[Dataset entries]
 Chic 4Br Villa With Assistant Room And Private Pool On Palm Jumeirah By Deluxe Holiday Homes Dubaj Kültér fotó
[/Dataset entries]
[Dataset entries]
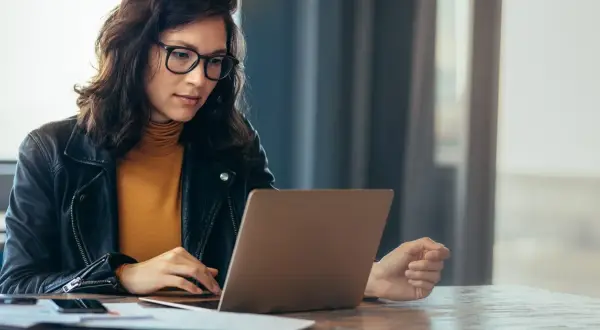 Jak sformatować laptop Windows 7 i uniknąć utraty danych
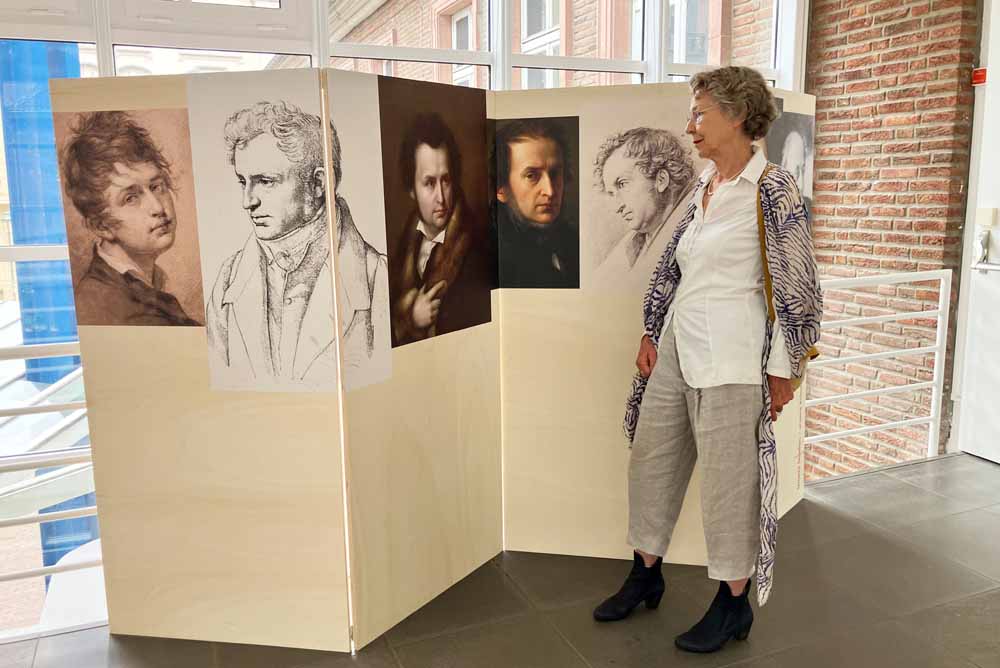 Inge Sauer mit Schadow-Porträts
[/Dataset entries]
= Exercise objective =
All that should be printed is the run of lines above from the one with "Jak sformatować laptop" through the one with "Inge Sauer mit Schadow-Porträts", both included, exactly as given, with pictures left out.

= Written reply =
 Jak sformatować laptop Windows 7 i uniknąć utraty danych
 Inge Sauer mit Schadow-Porträts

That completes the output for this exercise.